Maintenant, ce qui rendrait la situation encore plus inéquitable, ce serait un débat en anglais à la CBC, sans débat français à Radio-Canada! Ce serait le bouquet d’herbe à poux!
2. Est-ce la faute du chef libéral?
Non. Le chef libéral Brian Gallant a parfaitement raison d’exiger qu’un débat «des chefs» se tienne en présence… des chefs!
C’est non seulement sa prérogative à titre de chef et en tant que francophone, mais c’est surtout son devoir en tant que premier responsable actuel de l’application des lois relatives aux droits et à l’égalité des deux communautés linguistiques officielles de la province.
Mieux: par respect envers lui-même et envers les francophones, il devrait refuser un débat en anglais s’il n’y en a pas un en français! Ça brasserait dans les chaumières! Les francophones ont le droit de savoir si, une fois pour toutes, leur premier ministre va oser se tenir debout en leur nom. C’est ça, le leadership!
En aura-t-il le courage politique? Les paris sont lancés.
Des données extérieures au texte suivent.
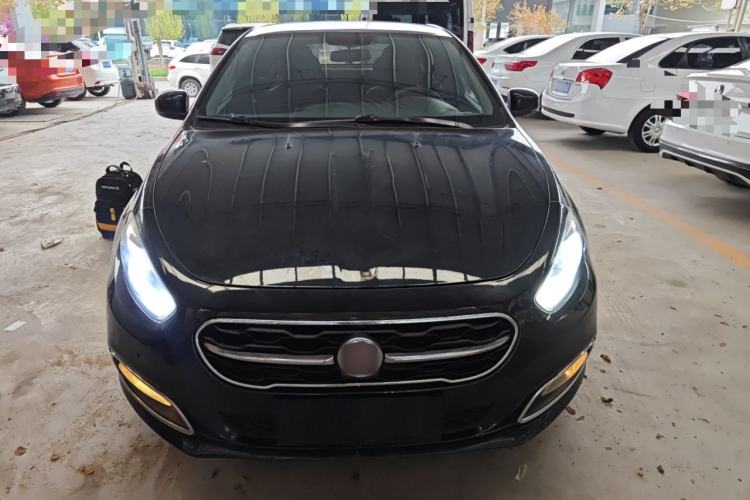 Used Fiat Viaggio 2015 1.4T Manual Enjoyment Edition
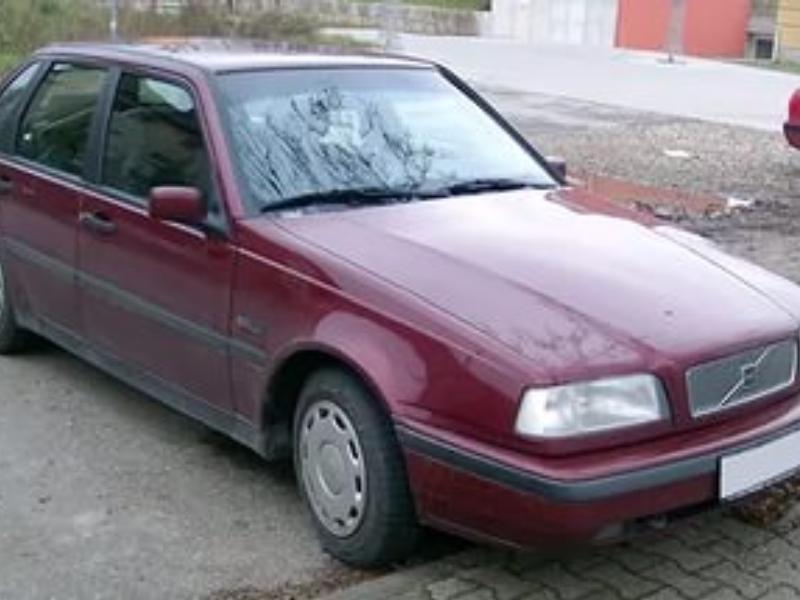 ФОТО Бампер передний для Volvo 440  Харьков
3. Est-ce la faute du chef conservateur?
Un chef politique a le droit d’être unilingue anglais. Mais si son unilinguisme est un motif suffisant pour priver les francophones de leur droit à un débat en français, il doit en assumer la responsabilité.
L’unilinguisme d’un chef ne le dispense nullement d’avoir à respecter les droits de ceux qui parlent une autre langue que lui... Et ce, même s’ils parlent en dialectes!
Le chef conservateur devrait avoir la sagacité politique de multiplier les gestes «d’apaisement» envers les francophones de la province, surtout en pleine campagne électorale!
Pour se faire pardonner son passé, qu’il exige un débat avec interprétation simultanée dans le dialecte de son choix. La rédemption doit bien commencer quelque part!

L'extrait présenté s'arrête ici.